The point of this is to have working DNS resolution for the router itself during boot and shortly after when dnsmasq and stubby aren't running yet (e.g. downloading blocklists for adblock, time sync, opkg stuff, ...).
DNS requests of the connected clients will still be going through dnsmasq and stubby, the settings are for the WAN interfaces only.
As soon as all services are running the requests made by the router will also go through dnsmasq and stubby. Plain requests will only be made if dnsmasq is not running but only for the router itself not the clients. The requests made by the clients will simply fail.
You can ofcourse also assign certain domains like "pool.ntp.org" to a certain resolver (like you did) to ensure a smooth boot process. But if you do that they will always be plain DNS requests since dnsmasq will not use stubby.

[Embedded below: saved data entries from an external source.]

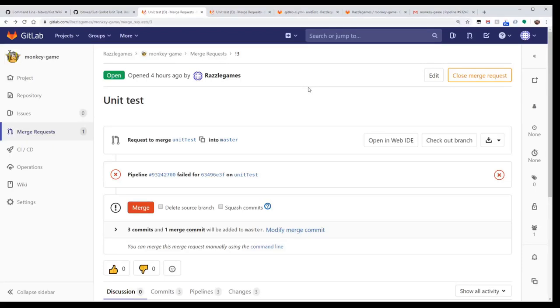Hey guys, so as promised I'm going to show you a tutorial on how to set up unit tests for automated pipelines for your Godot project.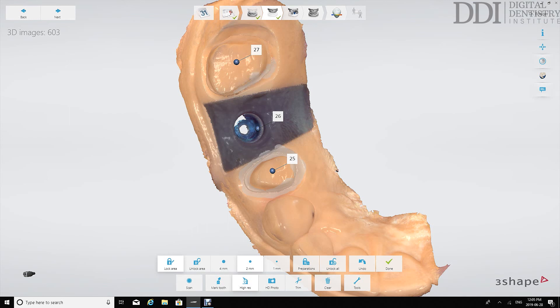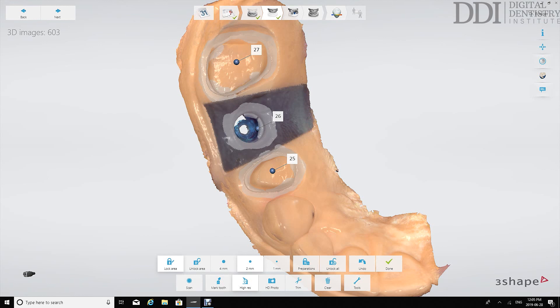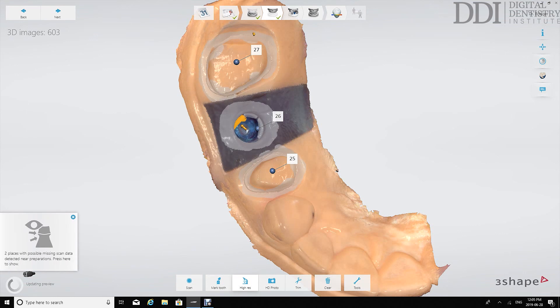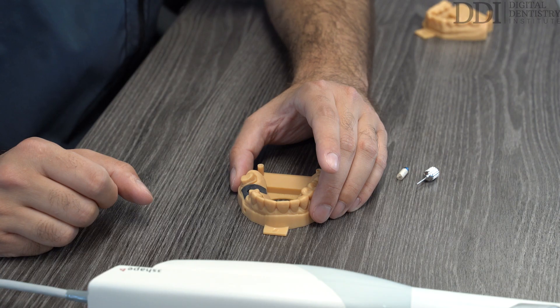So we're just locking the surfaces around those margins and soft tissue and what we'll also do is we will lock the surfaces around the emergence profile that we've captured because again as we take the time to insert the scan body and retake the scan that emergence profile might start to change. So we've locked those surfaces and are now able to move on to the next scan which is the scan body scan.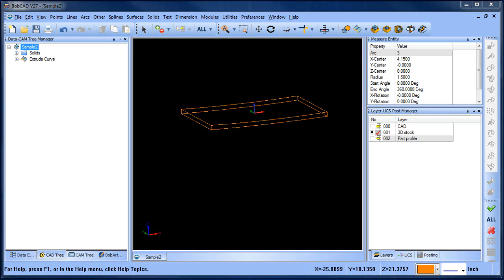Hey everybody it's Al with Bobcad. So today I wanted to look at some 3D machining using wireframe. In the Bobcad software we have a toolpath called three axis wireframe and you can use this to drive your tool along a 3D profile.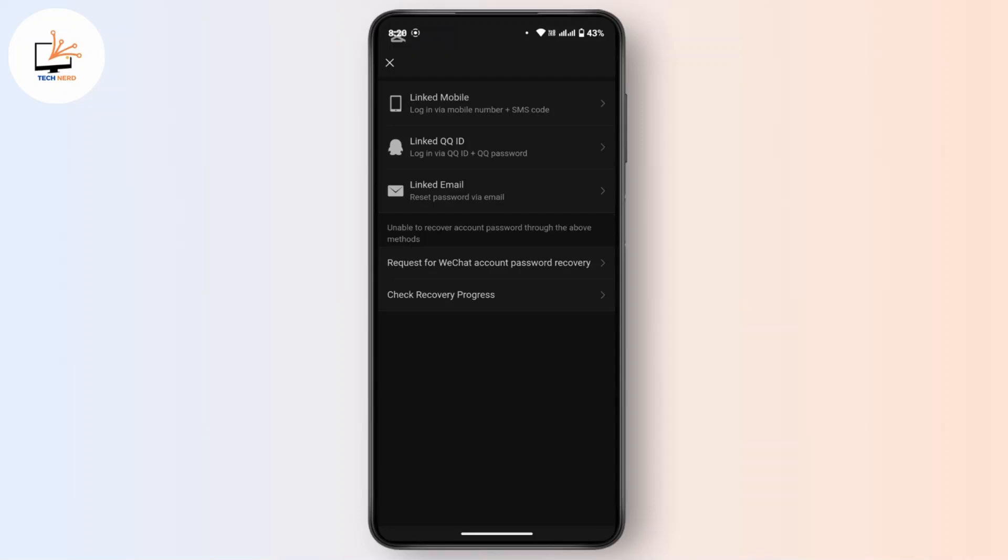If you have access to your mobile number, you can use that option. You can also reset your password via your QQ ID if you want to continue with that. Or you can use your email or linked email to reset your password.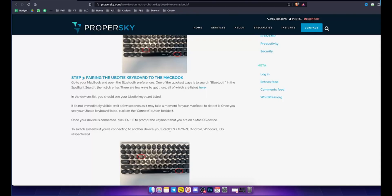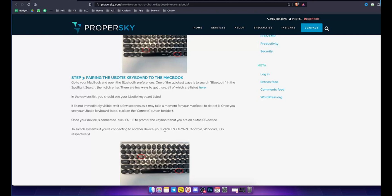Now it's time to set up for Mac OS. Once the keyboard is connected, press Fn plus E to switch the keyboard to Mac OS mode. You can switch systems with Fn plus Q slash W slash E for different devices.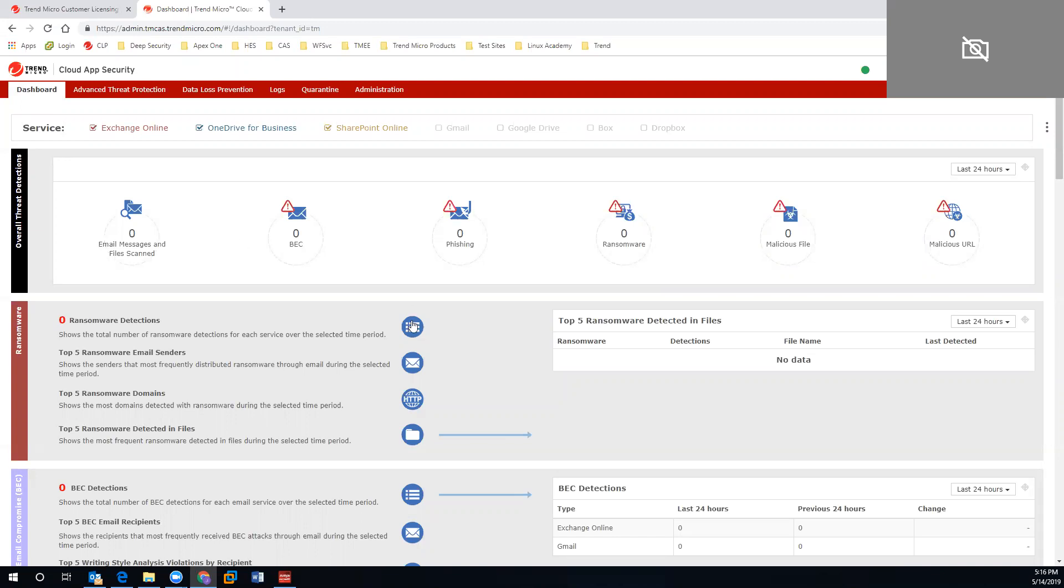After you register the product with the customer licensing portal, you will gain access to the console right here. This is what you're going to see upon entry.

I also had issues with adblock failing to download some lists if it had to wait for dnsmasq and stubby to be running. So i switched to this config it at seems to work fine so far.
DNS requests made by the router during boot -> unencrypted
DNS requests made by the clients during boot -> failing
DNS requests made by the router when dnsmasq/stubby is up -> encrypted
DNS requests made by the clients when dnsmasq/stubby is up -> encrypted
You may also try to tweak the starting priorities of the services a bit to ensure dnsmasq / stubby are running earlier. But I don't see a need to mess with that.
If you really want to make sure all requests from within your LAN will go through the router, you can intercept connections to port 53 with iptables and redirect them (or block them outright).